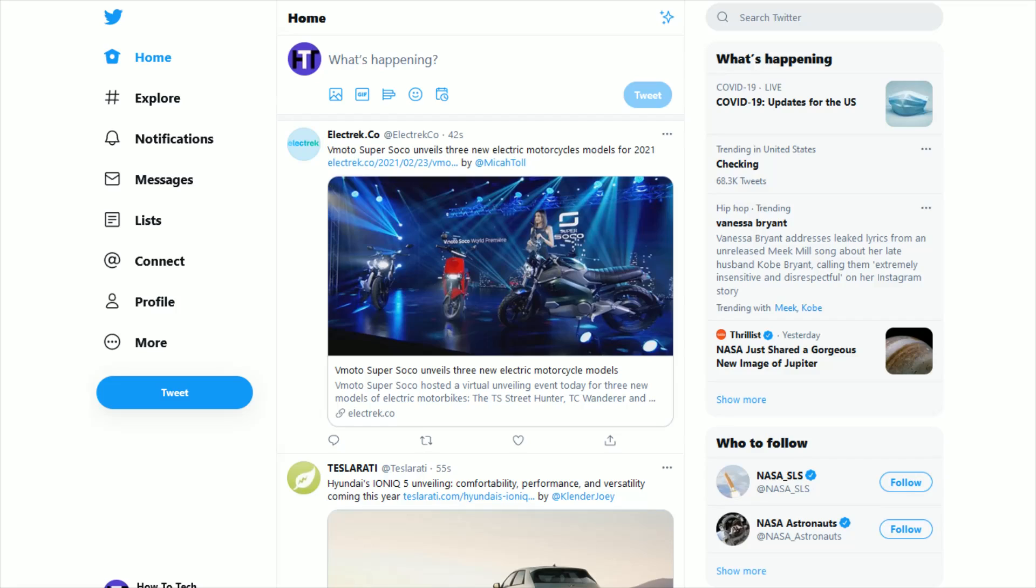And this is also going to be the same area where if you want to change it back to your tweets being public where anyone can view them, you're going to be able to change it in the same area.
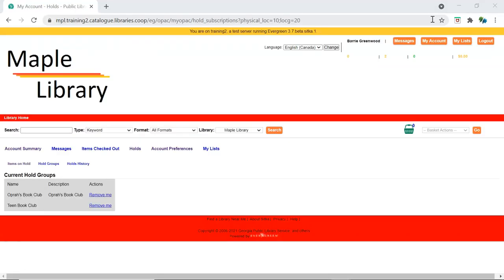Patrons that are part of patron visible hold groups will see a Hold Groups tab in My Account with a list of the groups they are in. Patrons can remove themselves from groups they no longer want to be part of by clicking Remove Me.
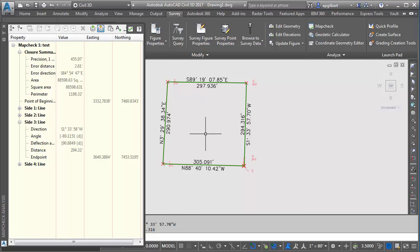So the goal today was to show some other tools that are available in Civil 3D for running analysis on parcels, record survey data, plats, that kind of data. So I hope you find this has been beneficial.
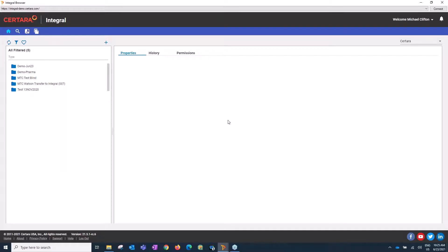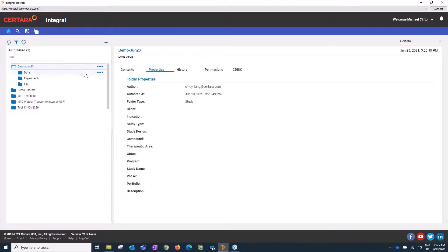After logging in, you can see that because Cindy added my permissions, I only have access to certain folders. Here's the folder that Cindy just created. Say the PK scientist received final concentration-time data from their lab and needs to use that data for analysis. First, I'm going to upload it to Integral.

______

ABOUT THIS TASK: Produce a word-for-word version of the material, with no pictures included.

SOLUTION TO THE PROBLEM:
And this is also going to be the same area where if you want to change it back to your tweets being public where anyone can view them, you're going to be able to change it in the same area.
Patrons that are part of patron visible hold groups will see a Hold Groups tab in My Account with a list of the groups they are in. Patrons can remove themselves from groups they no longer want to be part of by clicking Remove Me.
So the goal today was to show some other tools that are available in Civil 3D for running analysis on parcels, record survey data, plats, that kind of data. So I hope you find this has been beneficial.
After logging in, you can see that because Cindy added my permissions, I only have access to certain folders. Here's the folder that Cindy just created. Say the PK scientist received final concentration-time data from their lab and needs to use that data for analysis. First, I'm going to upload it to Integral.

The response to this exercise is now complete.